Blue + White: The Perfect Pair
Adaptable to any style, season or era, blue and white has long been a favorite of interior designers and artists. This classic color combination can be traced back to the 9th century, originating from the Middle East and perfected in China, where imperial artists hand-brushed cobalt pigments onto vases and ceramics. Today, blues and whites retain a sense of sophistication, honed over centuries of use in decoration.
At PAGODA RED, classic Chinese porcelain pottery graces tables, creates storied narratives on shelves or settles comfortably in a lush garden. It has been exciting to see international designers such as Carrier and Co. (Architectural Digest, June 2014), Mark D. Sikes (Veranda, July-August 2014), and Juan Pablo Molyneux (Architectural Digest, August 2014), incorporate blue and white Chinese vessels into their interior designs. Each project showcased the versatility and cohesiveness of classic Chinese design among elements from around the world.

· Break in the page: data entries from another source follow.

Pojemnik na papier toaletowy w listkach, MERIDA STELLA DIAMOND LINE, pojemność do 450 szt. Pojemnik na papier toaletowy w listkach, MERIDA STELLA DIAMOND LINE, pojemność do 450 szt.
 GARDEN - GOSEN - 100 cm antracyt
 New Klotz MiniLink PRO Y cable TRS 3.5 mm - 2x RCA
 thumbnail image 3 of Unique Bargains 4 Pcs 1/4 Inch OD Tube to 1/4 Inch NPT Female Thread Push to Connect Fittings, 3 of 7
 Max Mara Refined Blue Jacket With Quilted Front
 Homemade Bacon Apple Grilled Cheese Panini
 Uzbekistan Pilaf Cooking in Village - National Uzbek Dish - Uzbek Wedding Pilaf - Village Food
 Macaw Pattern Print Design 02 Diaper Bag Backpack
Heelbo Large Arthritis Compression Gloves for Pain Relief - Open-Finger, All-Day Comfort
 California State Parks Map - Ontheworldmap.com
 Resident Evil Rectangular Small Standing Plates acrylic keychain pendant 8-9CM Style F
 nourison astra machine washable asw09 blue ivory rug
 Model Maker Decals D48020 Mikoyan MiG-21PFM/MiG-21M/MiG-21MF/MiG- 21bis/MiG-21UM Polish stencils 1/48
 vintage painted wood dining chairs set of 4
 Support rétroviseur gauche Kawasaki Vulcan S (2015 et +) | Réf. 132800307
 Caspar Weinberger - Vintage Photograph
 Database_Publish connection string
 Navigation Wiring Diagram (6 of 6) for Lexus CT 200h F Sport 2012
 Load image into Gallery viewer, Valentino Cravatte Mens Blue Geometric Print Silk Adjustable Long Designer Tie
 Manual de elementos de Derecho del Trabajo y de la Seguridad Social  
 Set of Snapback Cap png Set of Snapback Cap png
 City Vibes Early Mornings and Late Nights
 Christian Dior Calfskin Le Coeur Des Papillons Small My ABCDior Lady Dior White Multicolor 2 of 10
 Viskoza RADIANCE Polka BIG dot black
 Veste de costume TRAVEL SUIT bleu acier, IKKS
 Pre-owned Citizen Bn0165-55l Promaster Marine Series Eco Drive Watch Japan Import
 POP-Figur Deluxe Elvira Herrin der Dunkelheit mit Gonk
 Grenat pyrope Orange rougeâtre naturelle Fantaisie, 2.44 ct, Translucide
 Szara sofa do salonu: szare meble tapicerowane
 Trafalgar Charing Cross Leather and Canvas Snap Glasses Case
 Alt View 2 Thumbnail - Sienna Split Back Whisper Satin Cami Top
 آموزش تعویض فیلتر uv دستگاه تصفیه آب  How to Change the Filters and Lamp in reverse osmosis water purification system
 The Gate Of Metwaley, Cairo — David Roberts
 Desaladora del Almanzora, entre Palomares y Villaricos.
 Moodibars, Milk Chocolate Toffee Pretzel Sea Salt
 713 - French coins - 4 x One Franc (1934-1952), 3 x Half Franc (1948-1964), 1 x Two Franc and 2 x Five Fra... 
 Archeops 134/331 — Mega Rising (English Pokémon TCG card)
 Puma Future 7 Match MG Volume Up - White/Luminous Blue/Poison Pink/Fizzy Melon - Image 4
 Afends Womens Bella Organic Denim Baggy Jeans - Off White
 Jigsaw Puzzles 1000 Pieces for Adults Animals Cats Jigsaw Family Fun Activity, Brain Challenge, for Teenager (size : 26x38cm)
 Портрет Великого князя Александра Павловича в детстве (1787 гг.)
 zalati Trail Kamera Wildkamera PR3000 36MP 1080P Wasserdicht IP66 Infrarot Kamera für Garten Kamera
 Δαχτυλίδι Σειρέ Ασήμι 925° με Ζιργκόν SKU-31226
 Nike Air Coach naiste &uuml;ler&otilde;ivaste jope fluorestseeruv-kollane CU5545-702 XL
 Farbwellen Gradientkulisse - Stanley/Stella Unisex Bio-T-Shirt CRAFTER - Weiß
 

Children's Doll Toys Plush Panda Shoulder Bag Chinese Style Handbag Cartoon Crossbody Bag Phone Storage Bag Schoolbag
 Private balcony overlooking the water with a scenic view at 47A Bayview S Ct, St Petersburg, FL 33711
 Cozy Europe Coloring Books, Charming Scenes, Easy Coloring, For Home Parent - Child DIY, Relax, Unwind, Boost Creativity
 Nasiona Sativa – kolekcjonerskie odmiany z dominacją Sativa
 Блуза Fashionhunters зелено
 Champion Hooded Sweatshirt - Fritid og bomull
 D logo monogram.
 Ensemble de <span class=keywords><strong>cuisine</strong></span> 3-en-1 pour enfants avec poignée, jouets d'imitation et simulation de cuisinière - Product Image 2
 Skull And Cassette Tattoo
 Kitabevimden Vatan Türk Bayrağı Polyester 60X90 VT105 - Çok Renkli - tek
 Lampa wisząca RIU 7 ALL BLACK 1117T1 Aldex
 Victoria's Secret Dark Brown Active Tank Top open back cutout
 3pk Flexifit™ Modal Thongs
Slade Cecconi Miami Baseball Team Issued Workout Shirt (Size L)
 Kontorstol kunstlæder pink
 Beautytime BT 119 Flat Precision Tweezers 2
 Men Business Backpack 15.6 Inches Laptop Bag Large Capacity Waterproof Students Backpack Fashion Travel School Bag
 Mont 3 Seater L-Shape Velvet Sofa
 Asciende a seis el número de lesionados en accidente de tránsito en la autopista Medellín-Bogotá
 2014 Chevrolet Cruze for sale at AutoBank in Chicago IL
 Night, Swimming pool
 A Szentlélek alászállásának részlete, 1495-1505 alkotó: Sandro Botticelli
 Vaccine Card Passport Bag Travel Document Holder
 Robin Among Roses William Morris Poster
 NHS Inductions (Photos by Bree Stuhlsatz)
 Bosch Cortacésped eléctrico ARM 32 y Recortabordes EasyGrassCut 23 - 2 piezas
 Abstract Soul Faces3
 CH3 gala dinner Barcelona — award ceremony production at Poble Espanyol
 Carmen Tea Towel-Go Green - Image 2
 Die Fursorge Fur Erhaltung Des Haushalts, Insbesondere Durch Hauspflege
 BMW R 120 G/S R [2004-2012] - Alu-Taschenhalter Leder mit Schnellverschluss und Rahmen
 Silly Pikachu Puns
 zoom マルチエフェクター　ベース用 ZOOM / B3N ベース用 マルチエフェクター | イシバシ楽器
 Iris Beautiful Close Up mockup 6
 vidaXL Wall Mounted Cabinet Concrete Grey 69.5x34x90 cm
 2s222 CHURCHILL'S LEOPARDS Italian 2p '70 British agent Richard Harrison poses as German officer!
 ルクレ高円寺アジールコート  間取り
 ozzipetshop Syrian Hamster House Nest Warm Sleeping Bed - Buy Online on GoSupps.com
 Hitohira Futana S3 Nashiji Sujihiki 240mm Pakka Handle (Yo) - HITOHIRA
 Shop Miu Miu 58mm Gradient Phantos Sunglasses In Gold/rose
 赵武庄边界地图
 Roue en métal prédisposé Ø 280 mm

Appreciation for Chinese blue and white porcelain began during the 12th century, when Mongolian conquest and trade brought cobalt to China from present-day Iraq and Iran. Cobalt is the chemical element responsible for the blue tint seen in ceramic vessels. When the Chinese first started using cobalt, it was primarily in a pure concentrated form that created an intensely rich blue. The Chinese called this blue 回回青 (huí huí qīng),” which literally translates to “return, return blue” – a blue doused again in blue. Also referred to as Muhammadan blue or Islam blue, it is still commonly used by Chinese designers today. In the 15th century, Chinese ceramists mixed cobalt with manganese to make lighter blue finishes.
Particularly fascinating are the various motifs found on the vessels themselves. While dragons, phoenixes, and other auspicious symbols were and still are dominant Chinese motifs, various influences have seeped onto the porcelain surface as Chinese design engages more with the Western world. During the Ming and Qing dynasty, it became commonplace to find perspectival images of daily life. The subject matter and style was Western, with a foreground, background and penchant for realism.
Today, many contemporary artists use traditional colors in contrast with modern aesthetics. Deng Ying paints isolated vignettes of daily life onto plates (right), resulting in a playful surprise for the fortunate user. Taikkun Li paints traditional Chinese designs onto porcelain cola bottles, bridging east and west in one extraordinary object. Innovative in his use of new materials, July Zhou makes limited-edition lucite furniture, inspired by Ming designs. Each of these artists purposefully uses blue and white to integrate past and present. The perfect palette for a modern-meets-traditional blend of art and antiques, blue and white remains cool, calm and collected.